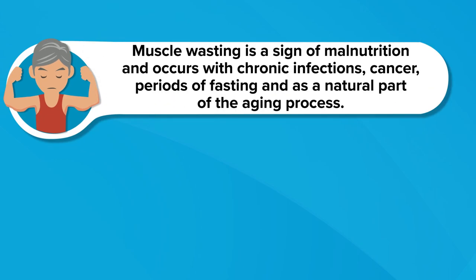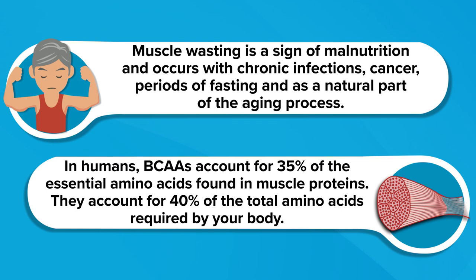Number two is preventing muscle wasting. Muscle proteins are constantly being broken down and then rebuilt — rebuilding is called muscle protein synthesis. Muscle breakdown or wasting occurs when that breakdown is greater than the rebuilding of muscle protein. Muscle wasting is a sign of malnutrition and occurs with chronic infections, cancer, periods of fasting, and as a natural part of the aging process. In humans, branched chain amino acids account for 35% of the essential amino acids found in muscle proteins and 40% of the total amino acids required by your body. Therefore, it's important that branched chain amino acids and other amino acids are replaced during times of muscle wasting to halt it or at least slow its progression.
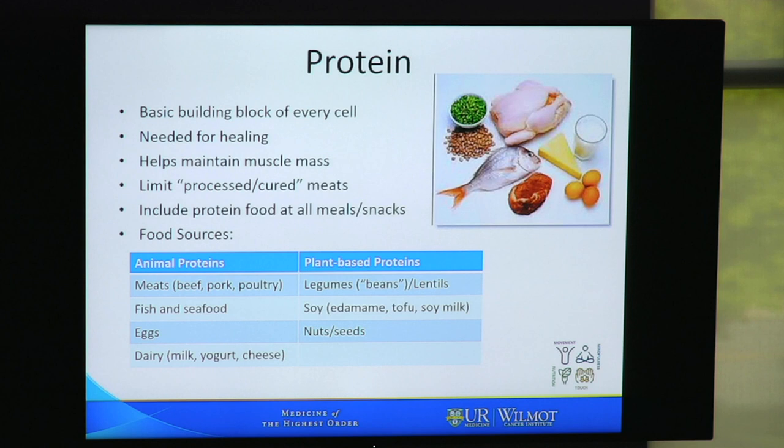Plant-based proteins include legumes — sometimes called beans — also lentils. In addition, soy sources such as tofu, soy milk, and edamame, as well as nuts and seeds and things made from nuts and seeds such as peanut butter and almond butter.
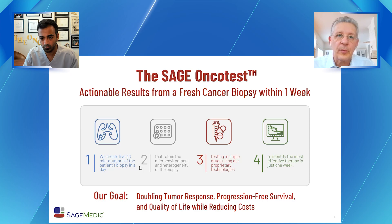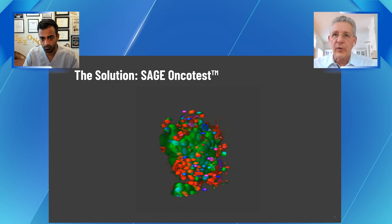We are now able to create 3D microtumors from the patient's biopsy that retain the microenvironment and the heterogeneity of the biopsy, so that we can test dozens of drugs and have a tumor response within 7 to 10 days. We believe this can actually double the patient's chance of a tumor response.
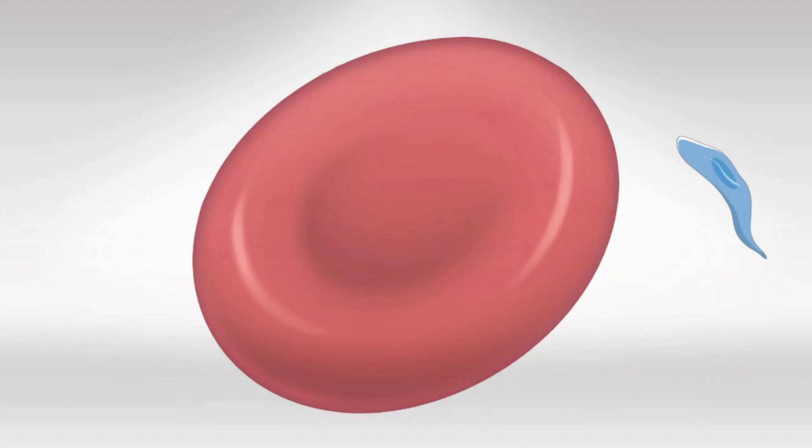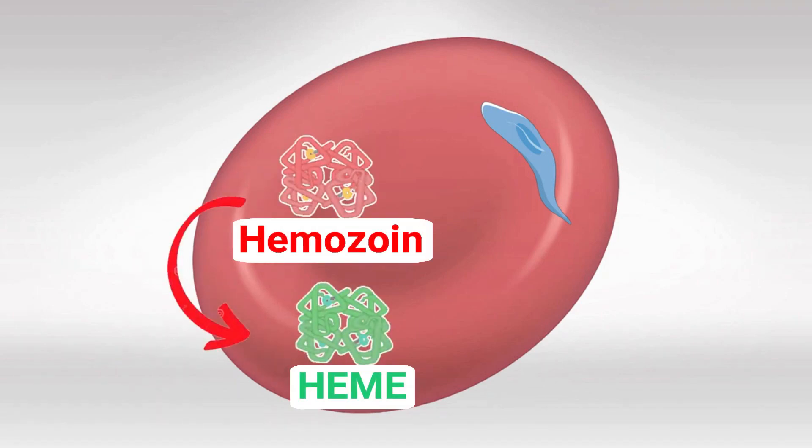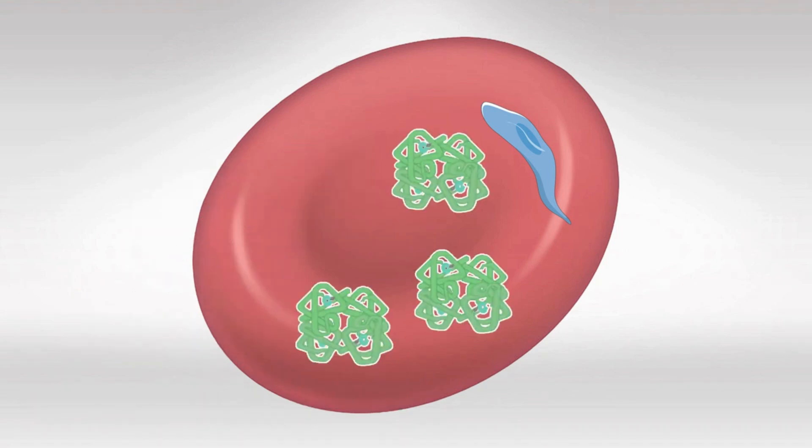Malaria infects the red blood cells and germinates inside them. RBCs have a lot of hemoglobin, which constantly transforms into the toxic heme. There are certain enzymes that work to reverse this process. Hydroxychloroquine works by inhibiting this process, resulting in heme accumulation, which is toxic to the plasmodia.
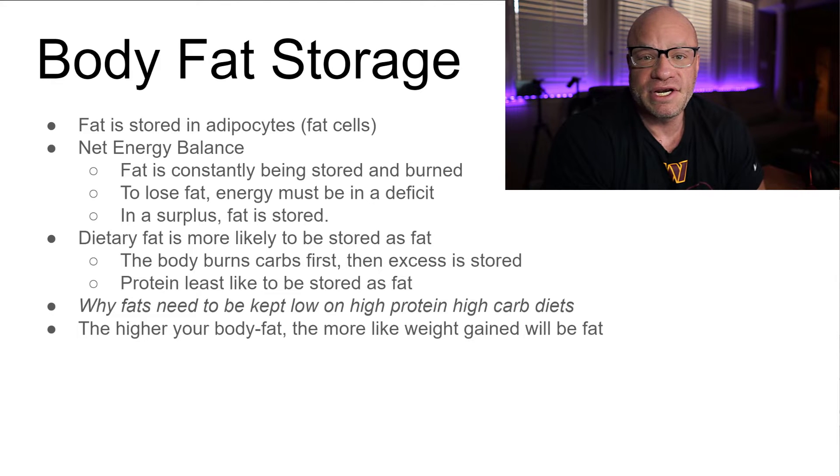There are some things we can get into regarding how nutrients are partitioned. Fat is one way to store excess energy, but there are also glycogen stores. Carbohydrates can be stored as glycogen, and protein can basically be put into muscle tissue. This is why fat is the most likely macronutrient to be stored as adipose tissue. The body burns carbs first; excess carbs are then stored.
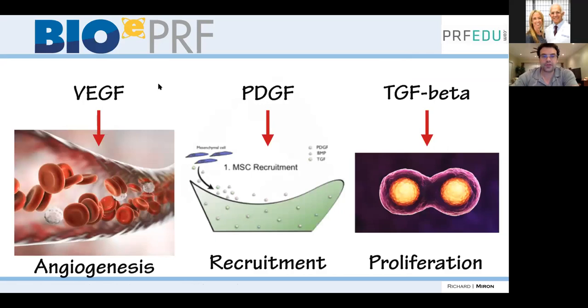The three main growth factors in PRF are VEGF (helps with angiogenesis), PDGF (recruits cells, critical for wound healing), and TGF-beta (helps with cell proliferation). When thinking about regeneration of any tissue — cartilage, hair, bone — you always need these three components: blood flow, recruitment of cells, and proliferation of those cells. These growth factors are always going to work in your favor.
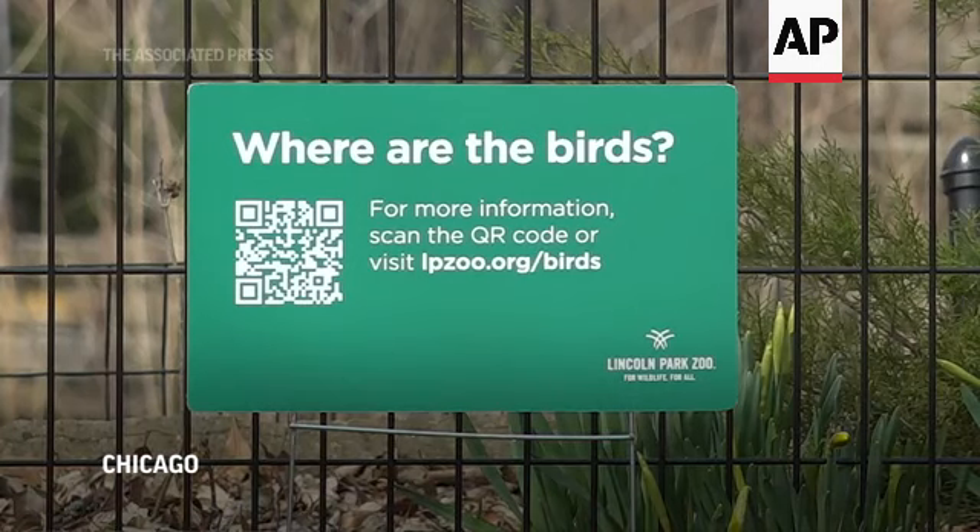Avian influenza is one of those viruses that has us concerned, especially for the birds that are in our care here. Some of the steps that we took when we elevated our avian influenza plan was to bring our outdoor birds inside.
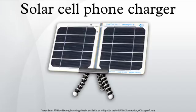Solar cell phone chargers come in different shapes and configurations including folding and rotating types. They also come in the form of straps, with solar cells on the outer surface and a nickel metal hydride battery within.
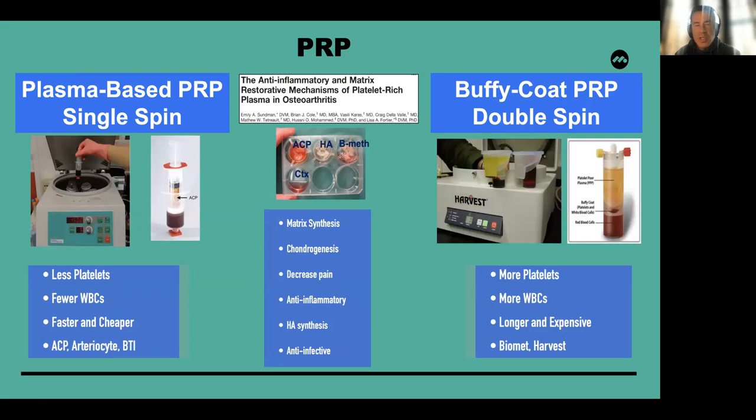As an overview, PRP basically has two essential formats. One is a single spin cycle, which is plasma-based, has fewer platelets, maybe fewer white cells, and may be more efficient. The Buffy Coat PRP system is a double spin system, typically associated with higher amounts of platelets, more white blood cells, maybe a longer processing time, and maybe increased cost. There are significant anti-inflammatory and matrix restorative mechanisms present in PRP, including synthesis, chondrogenesis, decreased pain, anti-inflammatory effects, possibly producing hyaluronic acid, and possibly anti-infective properties.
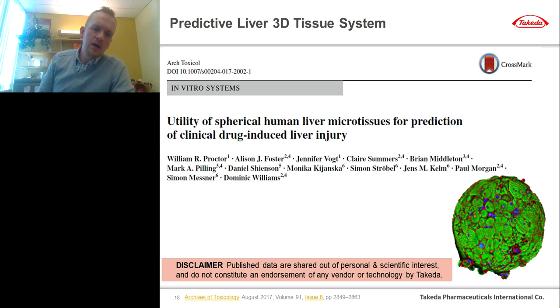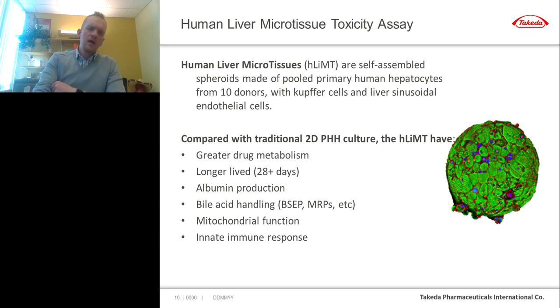Moving to more complex 3D tissue systems: outstanding work from AstraZeneca and Genentech, led by Will Proctor and Dominic Williams, looked at spherical human liver microtissues for predicting clinical drug-induced liver injury. These are self-assembled spheroids made of pooled primary hepatocytes from 10 different donors with non-parenchymal cells, including Kupffer cells and liver sinusoidal endothelial cells. Compared to 2D primary hepatocytes, these 3D tissues have greater drug metabolic capabilities from cytochrome P450s, are much longer-lived, have better albumin production, more physiologically relevant bile acid handling including at the transporter level, more robust mitochondrial function, and some semblance of innate immune response from Kupffer cells.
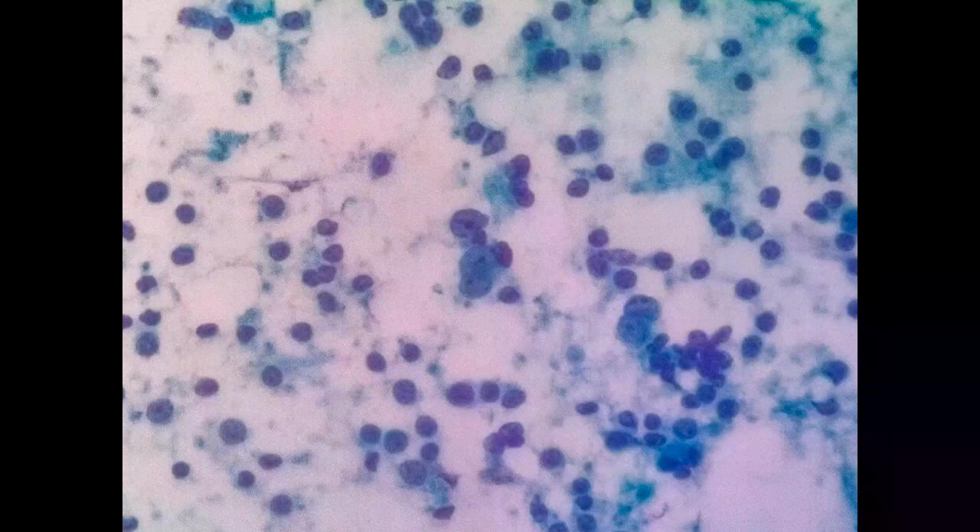Although in the FNAC smears we can also see a mixture of small lymphocytes and larger lymphoid cells, we cannot make a confident diagnosis of lymphoma in this case because we cannot see the follicular pattern very well.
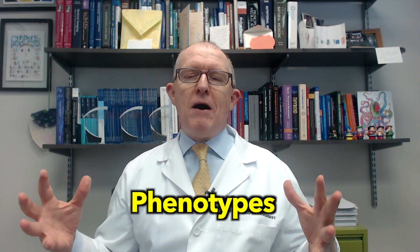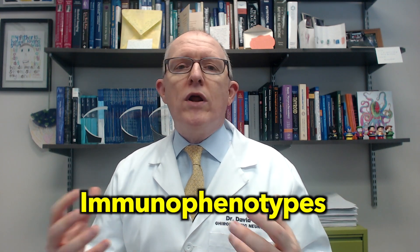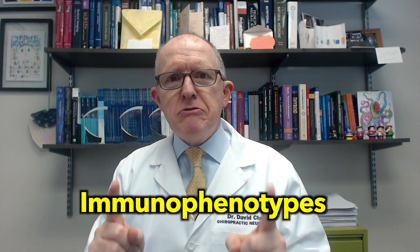Now, why don't all Hashimoto's patients have neuropathic symptoms? That's because there are a lot of different phenotypes. One of my favorite things to talk about is immunophenotypes. Phenotype just means what does something look like, and an immunophenotype means what does your immune system look like? Here's the thing about Hashimoto's — you've each got your own immunophenotype. You may have been diagnosed with Hashimoto's, you may have had some similar symptoms as other people, but what your immune system is doing is unique to you.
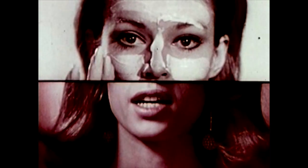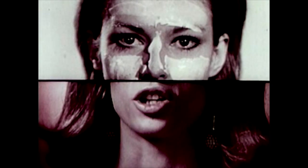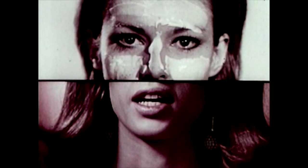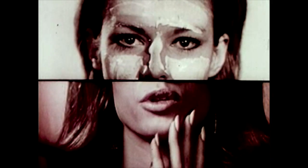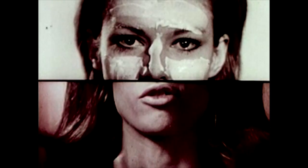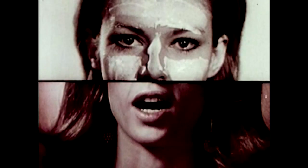It cleans your skin right down into the pores, right down to the germs and bacteria that can cause blemishes. After you wash it off, it leaves a soft invisible film that protects your skin from more germs for 12 hours.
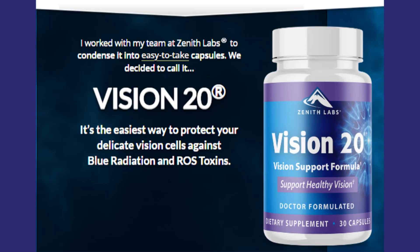The main cause behind compromised vision is an aggravated level of ROS toxins. These toxins mess with your eyes' ability to focus, and you need some kind of dietary supplement to reduce the damage. Vision 20 is one such vision enhancer that can improve your vision over time. In addition to protecting your eyes from harmful blue radiation and toxic particles, Vision 20's benefits include increased night vision, improved dry eyes, and more.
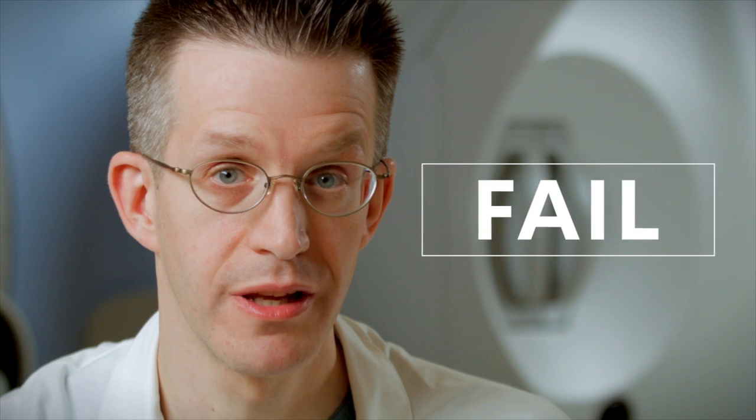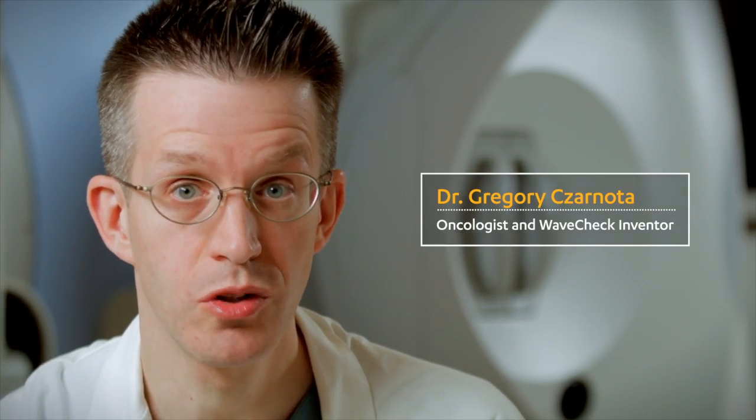60 to 70% of breast cancer treatments can actually fail, and that's a hard reality for patients and their families to face. Cancer tumors can be as unique as the people who develop them. The difficulty is often it's a one-size-fits-all treatment, and that necessarily doesn't work for everyone.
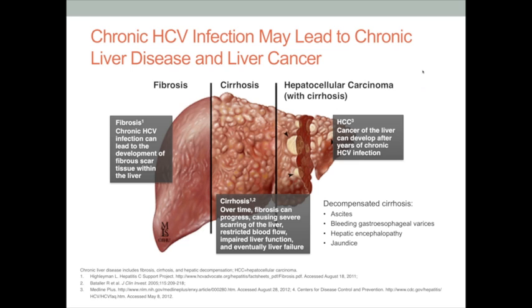Hepatitis C progresses silently in the liver, initially causing inflammation and eventually scarring or fibrosis. Over time, that scarring causes nodules in the liver, which we call cirrhosis. Once those nodules have formed, the architecture of the liver is altered, leaving it prone to poor blood flow as well as liver cancer. Patients with cirrhosis can also develop complications including ascites or bodily swelling with water, bleeding in their gastrointestinal tract, confusion or forgetfulness that we call hepatic encephalopathy, or jaundice and yellowing of the skin.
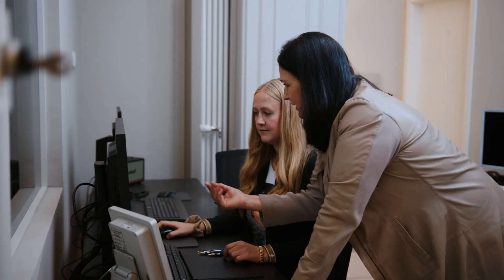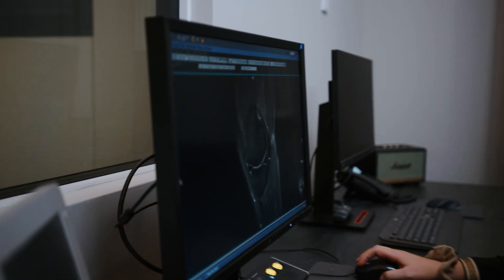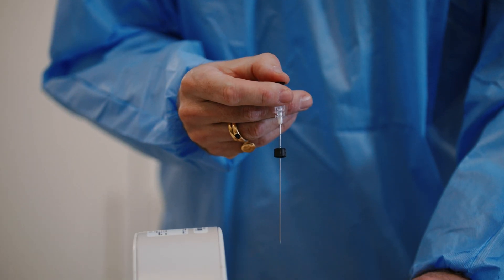Repairing tendons and cartilage with a biological adhesive is a focus point of our work. This approach preserves the meniscus as a complete protective layer. The results are measurable not only in the images we see, but most importantly in the daily lives of our patients.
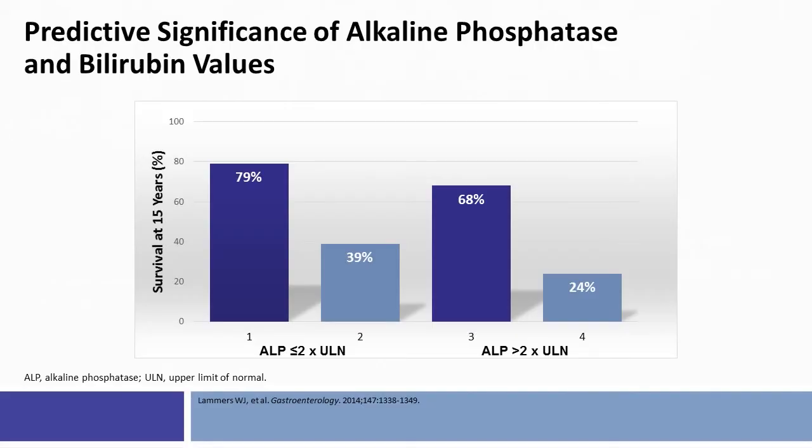The key point to take away is the use of alkaline phosphatase and bilirubin values in determining prognosis. Among patients with PBC who maintain an elevated alkaline phosphatase and an elevated bilirubin, 15-year survival is significantly reduced compared to patients who have an alkaline phosphatase less than twice the upper limit of normal with a normal bilirubin. That difference in survival can range from 24% to 79%. It's important for clinicians to recognize changes in alkaline phosphatase and bilirubin for patients on ursodeoxycholic acid and identify those who may need additional therapies.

****************

:: What you will do ::
Return every record exactly. Pictures stay out.

:: Exercise solution ::
Number two is preventing muscle wasting. Muscle proteins are constantly being broken down and then rebuilt — rebuilding is called muscle protein synthesis. Muscle breakdown or wasting occurs when that breakdown is greater than the rebuilding of muscle protein. Muscle wasting is a sign of malnutrition and occurs with chronic infections, cancer, periods of fasting, and as a natural part of the aging process. In humans, branched chain amino acids account for 35% of the essential amino acids found in muscle proteins and 40% of the total amino acids required by your body. Therefore, it's important that branched chain amino acids and other amino acids are replaced during times of muscle wasting to halt it or at least slow its progression.
Plant-based proteins include legumes — sometimes called beans — also lentils. In addition, soy sources such as tofu, soy milk, and edamame, as well as nuts and seeds and things made from nuts and seeds such as peanut butter and almond butter.
We are now able to create 3D microtumors from the patient's biopsy that retain the microenvironment and the heterogeneity of the biopsy, so that we can test dozens of drugs and have a tumor response within 7 to 10 days. We believe this can actually double the patient's chance of a tumor response.
Malaria infects the red blood cells and germinates inside them. RBCs have a lot of hemoglobin, which constantly transforms into the toxic heme. There are certain enzymes that work to reverse this process. Hydroxychloroquine works by inhibiting this process, resulting in heme accumulation, which is toxic to the plasmodia.
There are some things we can get into regarding how nutrients are partitioned. Fat is one way to store excess energy, but there are also glycogen stores. Carbohydrates can be stored as glycogen, and protein can basically be put into muscle tissue. This is why fat is the most likely macronutrient to be stored as adipose tissue. The body burns carbs first; excess carbs are then stored.
The three main growth factors in PRF are VEGF (helps with angiogenesis), PDGF (recruits cells, critical for wound healing), and TGF-beta (helps with cell proliferation). When thinking about regeneration of any tissue — cartilage, hair, bone — you always need these three components: blood flow, recruitment of cells, and proliferation of those cells. These growth factors are always going to work in your favor.
Avian influenza is one of those viruses that has us concerned, especially for the birds that are in our care here. Some of the steps that we took when we elevated our avian influenza plan was to bring our outdoor birds inside.
Solar cell phone chargers come in different shapes and configurations including folding and rotating types. They also come in the form of straps, with solar cells on the outer surface and a nickel metal hydride battery within.
As an overview, PRP basically has two essential formats. One is a single spin cycle, which is plasma-based, has fewer platelets, maybe fewer white cells, and may be more efficient. The Buffy Coat PRP system is a double spin system, typically associated with higher amounts of platelets, more white blood cells, maybe a longer processing time, and maybe increased cost. There are significant anti-inflammatory and matrix restorative mechanisms present in PRP, including synthesis, chondrogenesis, decreased pain, anti-inflammatory effects, possibly producing hyaluronic acid, and possibly anti-infective properties.
Moving to more complex 3D tissue systems: outstanding work from AstraZeneca and Genentech, led by Will Proctor and Dominic Williams, looked at spherical human liver microtissues for predicting clinical drug-induced liver injury. These are self-assembled spheroids made of pooled primary hepatocytes from 10 different donors with non-parenchymal cells, including Kupffer cells and liver sinusoidal endothelial cells. Compared to 2D primary hepatocytes, these 3D tissues have greater drug metabolic capabilities from cytochrome P450s, are much longer-lived, have better albumin production, more physiologically relevant bile acid handling including at the transporter level, more robust mitochondrial function, and some semblance of innate immune response from Kupffer cells.
Although in the FNAC smears we can also see a mixture of small lymphocytes and larger lymphoid cells, we cannot make a confident diagnosis of lymphoma in this case because we cannot see the follicular pattern very well.
Now, why don't all Hashimoto's patients have neuropathic symptoms? That's because there are a lot of different phenotypes. One of my favorite things to talk about is immunophenotypes. Phenotype just means what does something look like, and an immunophenotype means what does your immune system look like? Here's the thing about Hashimoto's — you've each got your own immunophenotype. You may have been diagnosed with Hashimoto's, you may have had some similar symptoms as other people, but what your immune system is doing is unique to you.
It cleans your skin right down into the pores, right down to the germs and bacteria that can cause blemishes. After you wash it off, it leaves a soft invisible film that protects your skin from more germs for 12 hours.
The main cause behind compromised vision is an aggravated level of ROS toxins. These toxins mess with your eyes' ability to focus, and you need some kind of dietary supplement to reduce the damage. Vision 20 is one such vision enhancer that can improve your vision over time. In addition to protecting your eyes from harmful blue radiation and toxic particles, Vision 20's benefits include increased night vision, improved dry eyes, and more.
60 to 70% of breast cancer treatments can actually fail, and that's a hard reality for patients and their families to face. Cancer tumors can be as unique as the people who develop them. The difficulty is often it's a one-size-fits-all treatment, and that necessarily doesn't work for everyone.
Hepatitis C progresses silently in the liver, initially causing inflammation and eventually scarring or fibrosis. Over time, that scarring causes nodules in the liver, which we call cirrhosis. Once those nodules have formed, the architecture of the liver is altered, leaving it prone to poor blood flow as well as liver cancer. Patients with cirrhosis can also develop complications including ascites or bodily swelling with water, bleeding in their gastrointestinal tract, confusion or forgetfulness that we call hepatic encephalopathy, or jaundice and yellowing of the skin.
Repairing tendons and cartilage with a biological adhesive is a focus point of our work. This approach preserves the meniscus as a complete protective layer. The results are measurable not only in the images we see, but most importantly in the daily lives of our patients.
The key point to take away is the use of alkaline phosphatase and bilirubin values in determining prognosis. Among patients with PBC who maintain an elevated alkaline phosphatase and an elevated bilirubin, 15-year survival is significantly reduced compared to patients who have an alkaline phosphatase less than twice the upper limit of normal with a normal bilirubin. That difference in survival can range from 24% to 79%. It's important for clinicians to recognize changes in alkaline phosphatase and bilirubin for patients on ursodeoxycholic acid and identify those who may need additional therapies.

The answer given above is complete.